String theory also proposes the existence of different versions called "string theories" or "s

To Deal with Hallucinations, either we can add the data not know to the llm in t's memory directly or via RAG
# Implementation of RAG

## Vectorizing and Embedding

### Pinecone Index

In [None]:
index_name = 'text'
index = pinecone.Index(index_name)

### Embedding Data for Retrival Augmented Generation
Using a list to store the data for simplicity of this project for now as I don't have the subscription of OpenAI's API to use large dataset for free (the rate limit for embedding excedded when I tried an Hugging face dataset)

In [None]:
from langchain.embeddings.openai import OpenAIEmbeddings
import pandas as pd

embed_model = OpenAIEmbeddings(model = "text-embedding-ada-002")
texts = [
    'this is the first chunk of text',
    'then another second chunk of text is here',
    # Add more data here
    'Code Llama is a code generation model built on Llama 2, trained on 500B tokens of code. It supports common programming languages being used today',
    'Coffee Shop Sales Data Analysis (2023): Our coffee shop experienced a year of robust growth in 2023, with overall sales increasing by 15% compared to the previous year.  This was driven by strong performance in both hot and cold coffee sales, as well as a surge in popularity of our new line of artisanal pastries. Additionally, we saw a significant increase in online orders, driven by successful targeted marketing campaigns on social media.'

]

res = embed_model.embed_documents(texts)
len(res), len(res[0])

(4, 1536)

### Upserting Pinecone index

In [None]:
embeddings = []
for i in range(len(texts)):
  embeddings.append((f"embedding_id_{i}", res[i], {'text': texts[i]}))
# embeddings[0]
index.upsert(vectors=embeddings)

# Implementing Retrieval Augmented Generation using Similarity Search

In [None]:
from langchain.vectorstores import Pinecone

text_field = "text"  # the metadata field that contains our text

# initialize the vector store object
vectorstore = Pinecone(
    index, embed_model.embed_query, text_field
)



## Demonstration of the Similiarity Search Operartion

In [None]:
query = "How much sales increased?"

vectorstore.similarity_search(query, k=3)

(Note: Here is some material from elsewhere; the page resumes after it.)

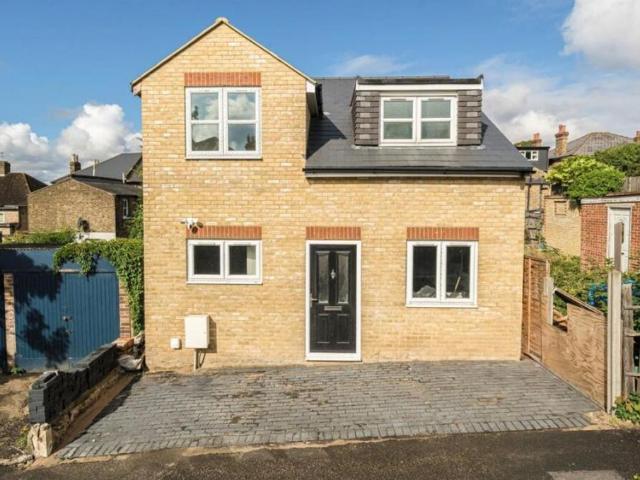 House for sale in London Borough of Lewisham, Greater London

[Document(page_content='Coffee Shop Sales Data Analysis (2023): Our coffee shop experienced a year of robust growth in 2023, with overall sales increasing by 15% compared to the previous year.  This was driven by strong performance in both hot and cold coffee sales, as well as a surge in popularity of our new line of artisanal pastries. Additionally, we saw a significant increase in online orders, driven by successful targeted marketing campaigns on social media.'),
 Document(page_content='this is the first chunk of text'),
 Document(page_content='then another second chunk of text is here')]

# Feeding our Chatbot

In [None]:
def augment_prompt(query: str):
    # get top 3 results from knowledge base
    results = vectorstore.similarity_search(query, k=3)
    # get the text from the results
    source_knowledge = "\n".join([x.page_content for x in results])
    # feed into an augmented prompt
    augmented_prompt = f"""Using the contexts below, answer the query.

    Contexts:
    {source_knowledge}

    Query: {query}"""
    return augmented_prompt

In [None]:
print(augment_prompt(query))

Using the contexts below, answer the query.

    Contexts:
    Coffee Shop Sales Data Analysis (2023): Our coffee shop experienced a year of robust growth in 2023, with overall sales increasing by 15% compared to the previous year.  This was driven by strong performance in both hot and cold coffee sales, as well as a surge in popularity of our new line of artisanal pastries. Additionally, we saw a significant increase in online orders, driven by successful targeted marketing campaigns on social media.
this is the first chunk of text
then another second chunk of text is here

    Query: How much sales increased?


# Final Output

In [None]:
# create a new user prompt
prompt = HumanMessage(
    content=augment_prompt(query)
)
# add to messages
messages.append(prompt)

res = chat(messages)

print(res.content)

The sales increased by 15% compared to the previous year.